How to speed up insertion performance in PostgreSQL

See populate a database in the PostgreSQL manual, depesz's excellent-as-usual article on the topic, and this SO question.

(Note that this answer is about bulk-loading data into an existing DB or to create a new one. If you're interested DB restore performance with pg_restore or psql execution of pg_dump output, much of this doesn't apply since pg_dump and pg_restore already do things like creating triggers and indexes after it finishes a schema+data restore).
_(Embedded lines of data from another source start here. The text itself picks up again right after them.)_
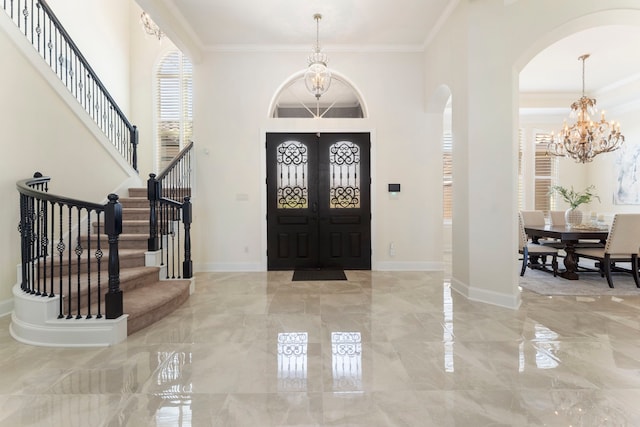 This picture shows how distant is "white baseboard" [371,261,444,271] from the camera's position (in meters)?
5.82

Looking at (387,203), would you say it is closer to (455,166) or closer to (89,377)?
(455,166)

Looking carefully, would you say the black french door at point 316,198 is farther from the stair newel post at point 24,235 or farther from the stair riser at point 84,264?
the stair newel post at point 24,235

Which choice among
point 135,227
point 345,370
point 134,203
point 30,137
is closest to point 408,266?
point 345,370

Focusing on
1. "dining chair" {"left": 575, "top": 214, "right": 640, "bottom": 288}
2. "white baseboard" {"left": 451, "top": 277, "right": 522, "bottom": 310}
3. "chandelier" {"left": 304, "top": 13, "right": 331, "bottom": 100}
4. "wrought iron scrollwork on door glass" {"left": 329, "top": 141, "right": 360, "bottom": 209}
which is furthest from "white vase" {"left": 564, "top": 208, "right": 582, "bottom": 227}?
"chandelier" {"left": 304, "top": 13, "right": 331, "bottom": 100}

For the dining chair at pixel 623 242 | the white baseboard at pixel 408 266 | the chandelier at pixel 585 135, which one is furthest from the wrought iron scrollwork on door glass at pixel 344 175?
the chandelier at pixel 585 135

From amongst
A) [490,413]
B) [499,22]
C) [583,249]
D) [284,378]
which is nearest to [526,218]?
[583,249]

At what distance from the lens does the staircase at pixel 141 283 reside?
317 centimetres

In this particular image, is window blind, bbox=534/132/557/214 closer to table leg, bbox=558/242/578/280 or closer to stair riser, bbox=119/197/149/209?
table leg, bbox=558/242/578/280

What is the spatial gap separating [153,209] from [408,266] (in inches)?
170

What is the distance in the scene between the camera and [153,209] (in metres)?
4.14

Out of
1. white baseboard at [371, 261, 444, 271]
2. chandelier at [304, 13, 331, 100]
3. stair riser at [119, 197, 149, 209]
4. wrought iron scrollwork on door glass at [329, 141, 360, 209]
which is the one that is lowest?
white baseboard at [371, 261, 444, 271]

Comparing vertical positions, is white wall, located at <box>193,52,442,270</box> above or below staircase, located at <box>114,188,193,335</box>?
above

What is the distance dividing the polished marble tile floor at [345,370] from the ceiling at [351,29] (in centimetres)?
383

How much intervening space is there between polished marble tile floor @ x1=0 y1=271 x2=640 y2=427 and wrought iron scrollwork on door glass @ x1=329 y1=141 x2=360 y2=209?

There's lots to be done. The ideal solution would be to import into an UNLOGGED table without indexes, then change it to logged and add the indexes. Unfortunately in PostgreSQL 9.4 there's no support for changing tables from UNLOGGED to logged. 9.5 adds ALTER TABLE ... SET LOGGED to permit you to do this.

If you can take your database offline for the bulk import, use pg_bulkload.

Otherwise:

  • Disable any triggers on the table

  • Drop indexes before starting the import, re-create them afterwards. (It takes much less time to build an index in one pass than it does to add the same data to it progressively, and the resulting index is much more compact).

  • If doing the import within a single transaction, it's safe to drop foreign key constraints, do the import, and re-create the constraints before committing. Do not do this if the import is split across multiple transactions as you might introduce invalid data.

  • If possible, use COPY instead of INSERTs

  • If you can't use COPY consider using multi-valued INSERTs if practical. You seem to be doing this already. Don't try to list too many values in a single VALUES though; those values have to fit in memory a couple of times over, so keep it to a few hundred per statement.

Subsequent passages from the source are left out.